3. RECENT CHANGES IN THE US POLICY TOWARDS CHINA

     AND THEIR IMPLICATIONS TO SINO-TIBETAN DIALOGUE



Finally, we must briefly note the recent changes in the US policy 
towards China, which have direct implications to the progress of 
Sino-Tibetan negotiations.  This means I must update the international 
political situation that previously formed the background of my 1991 
article on Sino-Tibetan dialogue.  In that article I described the 
pre-1991 Western pressure on China with regard to Sino-Tibetan dialogue 
as "loyal opposition".  Now with the global changes since 1991, we may 
omit the adjective "loyal" from "opposition;" Western pressure now means 
more serious business than before.  Why is this so?
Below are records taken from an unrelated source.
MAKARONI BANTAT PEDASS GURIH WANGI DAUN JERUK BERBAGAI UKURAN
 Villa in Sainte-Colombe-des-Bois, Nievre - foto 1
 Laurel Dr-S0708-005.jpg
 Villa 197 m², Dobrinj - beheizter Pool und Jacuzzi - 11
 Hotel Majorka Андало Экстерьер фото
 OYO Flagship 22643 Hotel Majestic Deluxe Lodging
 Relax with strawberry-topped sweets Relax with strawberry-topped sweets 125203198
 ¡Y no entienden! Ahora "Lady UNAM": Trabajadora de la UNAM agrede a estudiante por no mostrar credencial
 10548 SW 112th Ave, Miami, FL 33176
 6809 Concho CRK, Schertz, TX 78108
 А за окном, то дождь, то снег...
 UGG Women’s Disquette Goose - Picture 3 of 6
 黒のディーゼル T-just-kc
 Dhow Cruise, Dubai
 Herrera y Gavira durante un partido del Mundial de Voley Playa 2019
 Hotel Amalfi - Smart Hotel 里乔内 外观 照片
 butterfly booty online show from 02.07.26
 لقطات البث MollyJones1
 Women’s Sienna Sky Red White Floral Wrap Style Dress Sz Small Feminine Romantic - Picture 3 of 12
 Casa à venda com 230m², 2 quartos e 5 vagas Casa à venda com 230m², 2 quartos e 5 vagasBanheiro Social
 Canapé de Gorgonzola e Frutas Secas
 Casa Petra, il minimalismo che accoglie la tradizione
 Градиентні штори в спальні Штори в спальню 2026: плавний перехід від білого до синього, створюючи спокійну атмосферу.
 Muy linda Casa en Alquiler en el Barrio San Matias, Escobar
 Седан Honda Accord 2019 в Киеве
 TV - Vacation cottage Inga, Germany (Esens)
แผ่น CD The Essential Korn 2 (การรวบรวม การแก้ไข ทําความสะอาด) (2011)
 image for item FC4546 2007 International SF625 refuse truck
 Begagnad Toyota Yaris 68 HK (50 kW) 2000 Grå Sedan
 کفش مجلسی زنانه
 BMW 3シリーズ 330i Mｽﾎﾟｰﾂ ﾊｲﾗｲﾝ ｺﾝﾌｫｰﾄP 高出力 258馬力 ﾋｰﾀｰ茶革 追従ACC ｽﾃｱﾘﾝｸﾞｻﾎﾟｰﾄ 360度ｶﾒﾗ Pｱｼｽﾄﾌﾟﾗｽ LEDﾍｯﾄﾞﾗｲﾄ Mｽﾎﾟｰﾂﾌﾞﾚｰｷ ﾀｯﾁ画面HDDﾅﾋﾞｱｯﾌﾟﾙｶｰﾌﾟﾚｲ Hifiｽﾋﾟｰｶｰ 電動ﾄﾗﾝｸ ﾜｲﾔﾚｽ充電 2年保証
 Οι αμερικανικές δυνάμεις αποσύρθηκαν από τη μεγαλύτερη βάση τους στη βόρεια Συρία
In order to answer that question, we must understand the motives behind 
and the circumstances under which the Nixon-Kissinger policy toward 
Communist China took shape in the late 1960s and early 1970s.  As far as 
President Nixon and Dr. Kissinger were concerned, China was perceived to 
function as a great Asian power that _could counterbalance_ Soviet power 
in Asia if not the world.  At that time the function of China in the US 
global strategy was just being-China, and basically that was all.  As 
such in the bi-polar structure of the international system that prevailed 
prior to 1991, China was courted by both super powers for more than 
fifteen years.  I submit that favorable period for China is now over with 
the emerging unipolar world.



With the disintegration of the Soviet empire in 1991, the role that the 
USA assigned to China in 1971 became absolutely redundant.  The 'other' 
super power that China was expected to counterbalance in Asia and the 
world in general practically disappeared.  The change in American policy 
towards China became visible after the Gulf war as evident, for example, 
in President Bush's meeting with the Dalai Lama.  Now it is clear that 
western policy towards China is how to _control_ the emerging Chinese 
power in Asia and check Chinese political ambitions in the global system.  
The US and France's decision to sell F-16s and Mirage 2000s to Taiwan is 
a good indicator of this new China policy to be followed by the US and 
Western powers in the years to come.



How does Tibet figure in this new international political situation?  
There is no dearth of public support for the Tibetan cause in the West, 
and there is little doubt that Western public pressure on their 
respective governments to take up the Tibetan issue will increase.  Such 
has been the popular Western interest in Tibet for a long time.  But now 
I see a compelling rationale in the new international situation for 
Western powers and actively with regard to the Tibetan Question.  For 
example, the USA and India have usually found the Tibetan card a rather 
useful instrument to regulate and control their relations with China.  
Therefore, I see more danger in China's obstinate refusal to concede to 
some of the Dalai Lama's political demands.  It might indeed be in 
China's ultimate interest to negotiate a compromised solution to the 
vexed Tibet issue, an issue that will be kept alive not only by the 
Tibetans but also by Western powers.



Despite the preceding changes in the international political scene 
during the past year, China does not appear to have changed it's 
intransigent attitude towards the Tibetan issue. its latest ten-point 
proposal (August 1992 ) [2] does not offer any new concession to the 
Tibetan people.  It is a reaffirmation and elaboration of Deng Xiaoping's 
statement (December 3, 1978) and Hu Yaobang's five-point proposal (July 
28, 1981).  In particular the ten-point proposal declares that Deng's 
1978 statement must be adhered to in future Sino-Tibetan negotiations, 
and lists "greetings to the Tibetans" in exile as one of the ten points: 
Although they are keen to resume the contact with China, most Dharamsala 
politicians are not happy with Beijing's latest peace offensive, the 
ten-point proposal.





Notes



1.  Dawa Norbu, "China's Dialogue with the Dalai Lama,

    1978-90: The Pre-negotiation stage or Dead End?" 

    _Pacific Affairs_ Vol. 64: No 3 (Fall 1991),

    pp 351-372 and reprinted in April and May issues,

    1992 _Tibetan Review_, New Delhi.



2.  Robbie Barnett, "Tibetans May Send Team to Beijing,"

    Tibet Information Network, London: August 6, 1992.